Last updated: February 2026 6 min read
Quick Answer

Table of Contents

  1. Install YamlDotNet
  2. Convert YAML to JSON — Typed Class
  3. Convert Dynamic YAML — No Typed Class
  4. Using Newtonsoft.Json Instead of System.Text.Json
  5. Read a YAML File and Write JSON
  6. Frequently Asked Questions

Converting YAML to JSON in C# requires one NuGet package: YamlDotNet. .NET's standard library does not include a YAML parser. Once YamlDotNet is installed, the pattern is: deserialize YAML into a C# object, then serialize that object to JSON with System.Text.Json (built-in to .NET 6+) or Newtonsoft.Json.

Install YamlDotNet

Add the package to your project:

dotnet add package YamlDotNet

Or via the Package Manager Console:

Install-Package YamlDotNet

YamlDotNet supports YAML 1.1 and 1.2 and works on .NET 6, 7, 8, and .NET Standard 2.0/2.1. It is the dominant YAML library for .NET with tens of millions of downloads.

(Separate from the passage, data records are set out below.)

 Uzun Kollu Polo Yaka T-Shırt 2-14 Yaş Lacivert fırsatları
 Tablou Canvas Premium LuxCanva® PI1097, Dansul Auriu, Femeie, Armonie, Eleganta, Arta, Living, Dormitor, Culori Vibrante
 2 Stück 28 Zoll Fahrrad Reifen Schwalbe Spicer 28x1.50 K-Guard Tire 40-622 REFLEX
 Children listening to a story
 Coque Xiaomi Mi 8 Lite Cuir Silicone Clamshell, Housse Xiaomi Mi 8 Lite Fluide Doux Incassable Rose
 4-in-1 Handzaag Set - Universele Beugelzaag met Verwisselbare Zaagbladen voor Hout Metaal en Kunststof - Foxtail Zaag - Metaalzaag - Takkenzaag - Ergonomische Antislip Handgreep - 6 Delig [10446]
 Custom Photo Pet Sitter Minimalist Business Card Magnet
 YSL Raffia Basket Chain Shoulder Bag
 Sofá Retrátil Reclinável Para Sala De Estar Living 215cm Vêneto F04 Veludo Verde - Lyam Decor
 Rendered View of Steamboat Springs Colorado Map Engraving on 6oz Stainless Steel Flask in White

Approach 1 — Deserialize to a Typed Class (Recommended)

When you know the YAML schema, define a C# class and deserialize directly into it. Then serialize to JSON.

using System;
using System.Text.Json;
using YamlDotNet.Serialization;
using YamlDotNet.Serialization.NamingConventions;

// Define your config shape
public class ServerConfig
{
    public string Host { get; set; }
    public int Port { get; set; }
    public bool Debug { get; set; }
}

class Program
{
    static void Main()
    {
        var yaml = @"
host: localhost
port: 8080
debug: false
";
        var deserializer = new DeserializerBuilder()
            .WithNamingConvention(CamelCaseNamingConvention.Instance)
            .Build();

        var config = deserializer.Deserialize<ServerConfig>(yaml);

        var json = JsonSerializer.Serialize(config, new JsonSerializerOptions
        {
            WriteIndented = true
        });

        Console.WriteLine(json);
    }
}

Output:

{
  "Host": "localhost",
  "Port": 8080,
  "Debug": false
}

Add [JsonPropertyName("host")] attributes to control output key casing, or configure JsonSerializerOptions.PropertyNamingPolicy.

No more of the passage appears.